Consider the scenario where we are receiving a stream of strings and
want to store only unique strings. One approach of achieving this
in python would be as below:
# Assuming values() returns a constant stream of strings
unique_vals = []
for val in self.values():
if val not in unique_vals:
unique_vals.append(val)
However in python strings are immutable and are hashable. Assuming we
are not interested in ordering wouldn’t it be better if we use a set
instead of list as the container to gather unique strings. So the
above code snippet can be written as:
unique_vals = set()
for i in self.values():
unique_vals.add(val)
But which of this is faster ? I think the version using the set
would be faster since membership tests would make use of hash values
of the set elements. One way that this can be verified is by running
some benchmark tests using python’s timeit module.
Here are some of the tests I ran and the results I got.
>>> from timeit import timeit >>> timeit(stmt='x = range(100); 99 in x') 4.287418931735737 >>> timeit(stmt='x = set(range(100)); 99 in x') 7.882405166019703
In the above example I create a list of numbers till 99 and check if
the number 99 exists in the container (list and set). I choose 99
because the membership test in a list would be a linear search and
choosing a value of 99 ensures that we are taking into account the
worst case scenario for benchmarking. Surprisingly the version
involving set takes more time (close to 2x) than the one that involves
the list.
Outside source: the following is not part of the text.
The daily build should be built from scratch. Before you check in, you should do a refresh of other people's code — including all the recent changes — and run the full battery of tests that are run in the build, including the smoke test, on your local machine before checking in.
But a closer look reveals a problem in the benchmarking
code, the benchmark tests not only compare the lookups but also the
time it takes initialize the sequence (set or list).
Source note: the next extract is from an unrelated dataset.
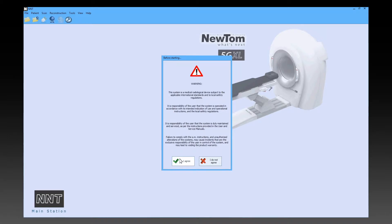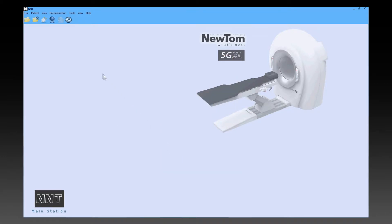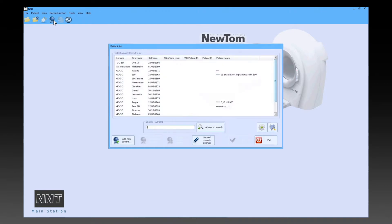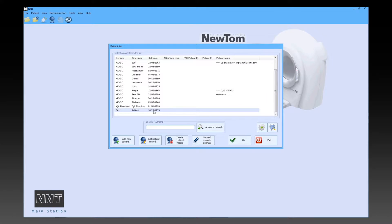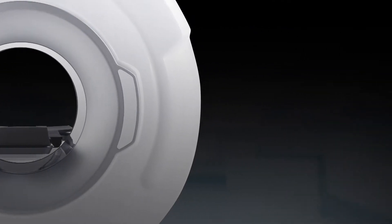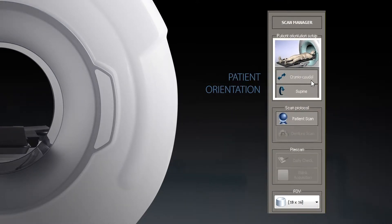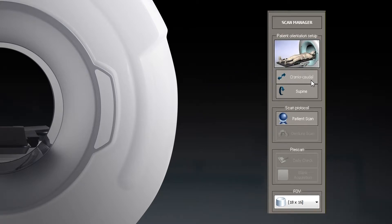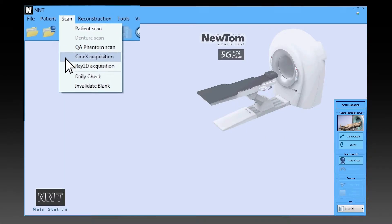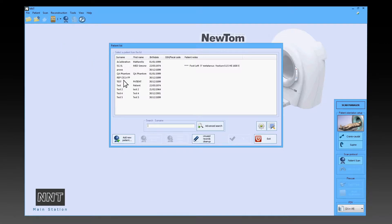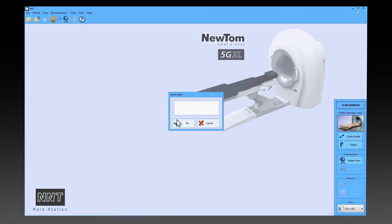After welcoming a patient, her folder can be retrieved from the patient records or a new entry can be made from the special screen page. Afterwards, the physician uses the scan manager window to submit to the software the patient orientation on the table. Using the scan menu, select CineX acquisition and then the capture parameters.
So I run the benchmark test ignoring the time involved for sequence
initialization.
>>> timeit(setup='x=range(100)',stmt='99 in x') 2.739381960556443 >>> timeit(setup='x=set(range(100))',stmt='99 in x') 0.08809443658344662
As the results above indicate that snippet that uses the set
outperforms the one that uses the list.
So moving further and running benchmarks that is closer to the problem
I started with, here are the results I get:
>>> timeit(setup='x=[]',stmt="""for i in range(10)+range(15): if i not in x: x.append(i)""") 7.740467014662272 >>> timeit(setup='x=set()',stmt="""for i in range(10)+range(15): x.add(i)""") 5.565552325784438
As the above results indicate, to find unique elements in a sequence of
hashables it is efficient to use a set instead of a list (assuming we are not
interested in preserving the ordering).